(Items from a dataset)
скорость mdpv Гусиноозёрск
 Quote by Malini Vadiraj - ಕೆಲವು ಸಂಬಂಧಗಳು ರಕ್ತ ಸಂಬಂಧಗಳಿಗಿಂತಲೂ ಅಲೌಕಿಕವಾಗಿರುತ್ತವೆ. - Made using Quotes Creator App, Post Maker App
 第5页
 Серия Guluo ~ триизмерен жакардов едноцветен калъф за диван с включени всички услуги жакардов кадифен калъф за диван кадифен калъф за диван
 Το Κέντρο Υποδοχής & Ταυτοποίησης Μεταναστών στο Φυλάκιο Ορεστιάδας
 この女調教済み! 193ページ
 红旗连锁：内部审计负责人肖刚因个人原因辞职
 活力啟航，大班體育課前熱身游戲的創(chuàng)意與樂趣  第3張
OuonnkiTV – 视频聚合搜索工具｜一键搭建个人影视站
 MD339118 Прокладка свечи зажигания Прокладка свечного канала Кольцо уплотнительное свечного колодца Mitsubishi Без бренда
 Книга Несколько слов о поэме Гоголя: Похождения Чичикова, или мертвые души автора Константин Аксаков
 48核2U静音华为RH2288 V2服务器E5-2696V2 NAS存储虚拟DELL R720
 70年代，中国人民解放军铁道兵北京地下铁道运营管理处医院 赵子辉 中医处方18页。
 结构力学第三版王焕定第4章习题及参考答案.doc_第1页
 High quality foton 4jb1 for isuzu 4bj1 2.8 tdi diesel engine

TASK ITEM: Begin at the line above that has "Серия Guluo ~" and stop after the line that has "OuonnkiTV – 视频聚合搜索工具｜一键搭建个人影视站", copying each line exactly and adding nothing else.

ANSWER AREA:
 Серия Guluo ~ триизмерен жакардов едноцветен калъф за диван с включени всички услуги жакардов кадифен калъф за диван кадифен калъф за диван
 Το Κέντρο Υποδοχής & Ταυτοποίησης Μεταναστών στο Φυλάκιο Ορεστιάδας
 この女調教済み! 193ページ
 红旗连锁：内部审计负责人肖刚因个人原因辞职
 活力啟航，大班體育課前熱身游戲的創(chuàng)意與樂趣  第3張
OuonnkiTV – 视频聚合搜索工具｜一键搭建个人影视站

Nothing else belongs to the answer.